Transcribe exactly, and without pictures, the lines from the one that contains "6 Potret Febby" through the last line of the material.

Dataset section:
------------------------------------

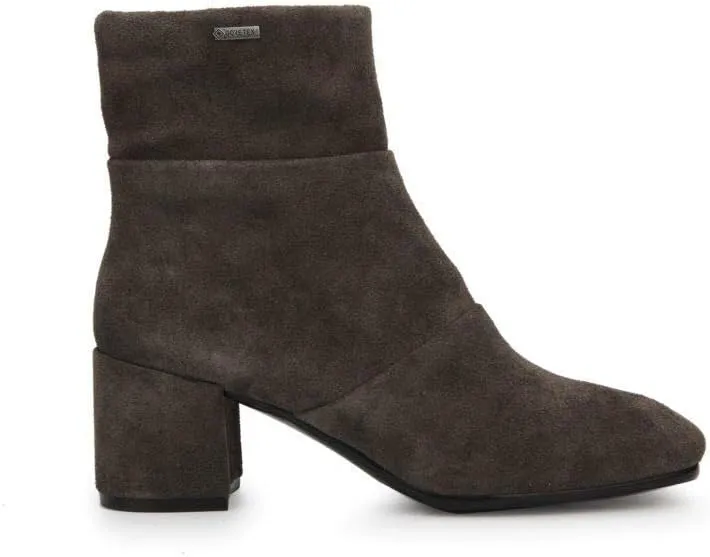 Kenneth Cole Women's Eryc Goretex Square Toe Ankle Bootie Boot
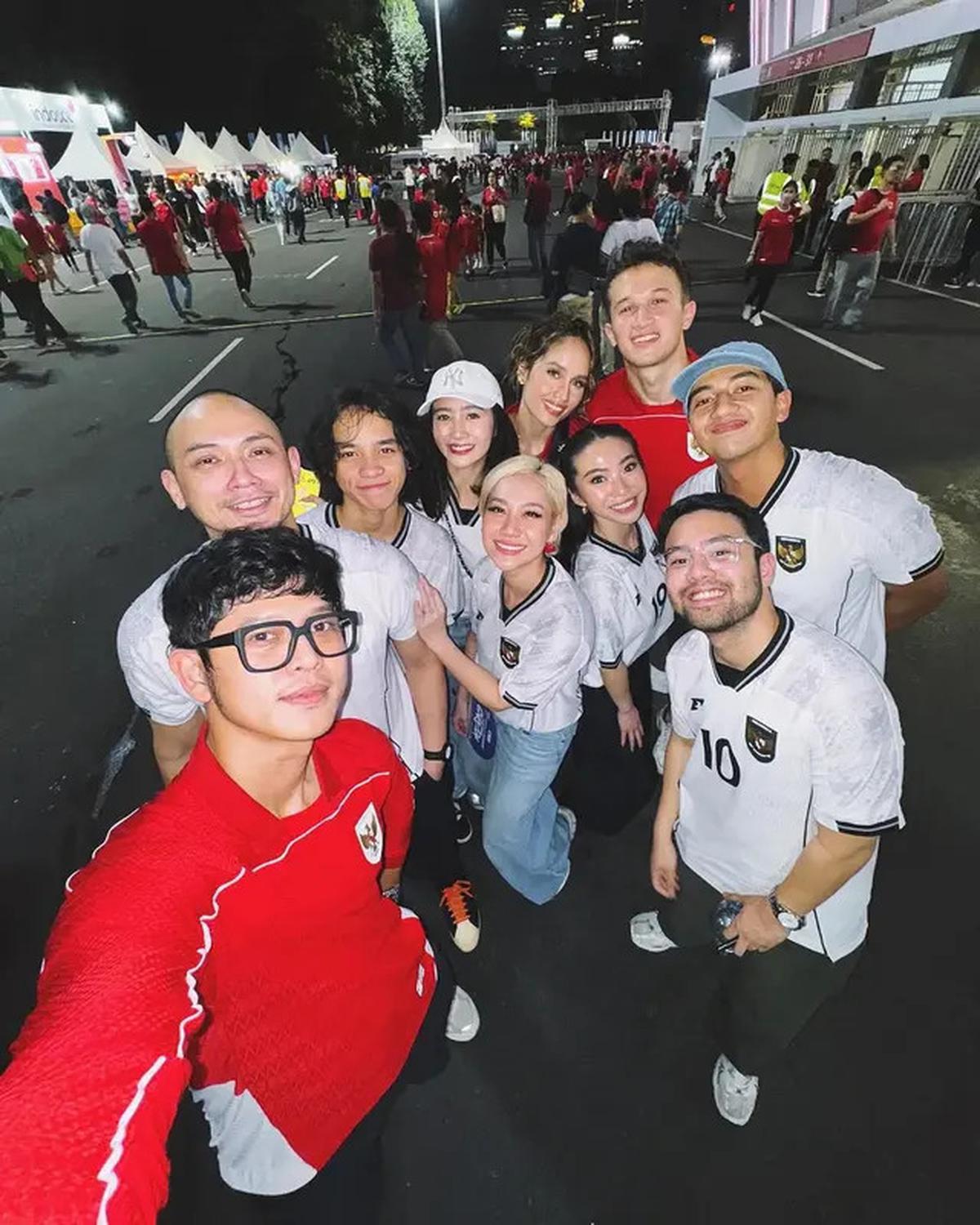 6 Potret Febby Rastanty Nonton Timnas Bareng Teman Artis, Suami Sedang Bertugas
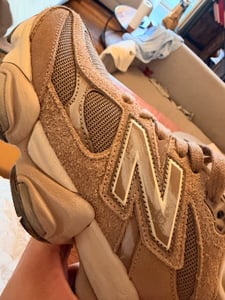 New Balance U9060 Erc, color beige Foto del cliente 1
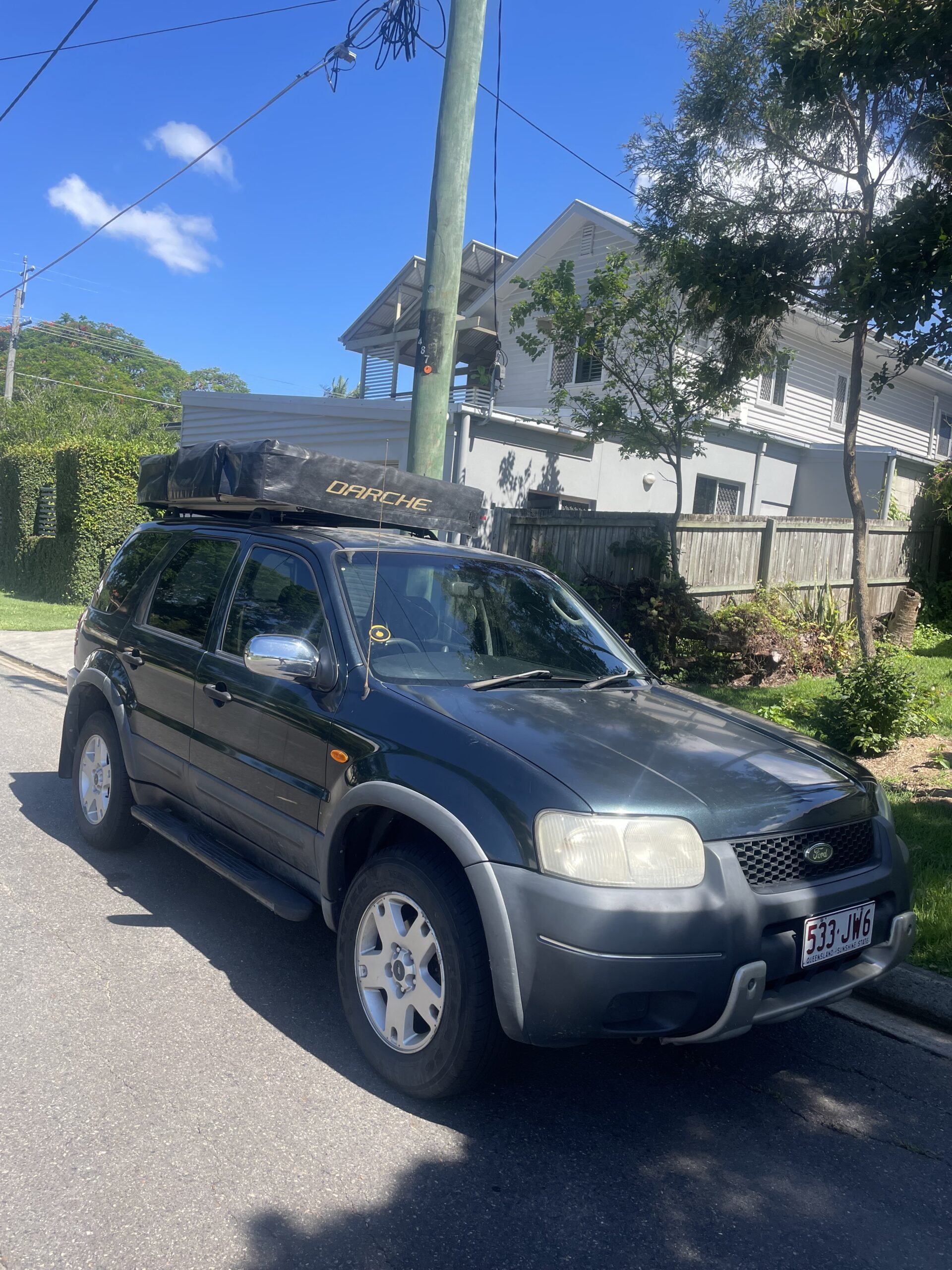 2004 Ford Escape XLS + full camping set up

------------------------------------

Answer section:
 6 Potret Febby Rastanty Nonton Timnas Bareng Teman Artis, Suami Sedang Bertugas
 New Balance U9060 Erc, color beige Foto del cliente 1
 2004 Ford Escape XLS + full camping set up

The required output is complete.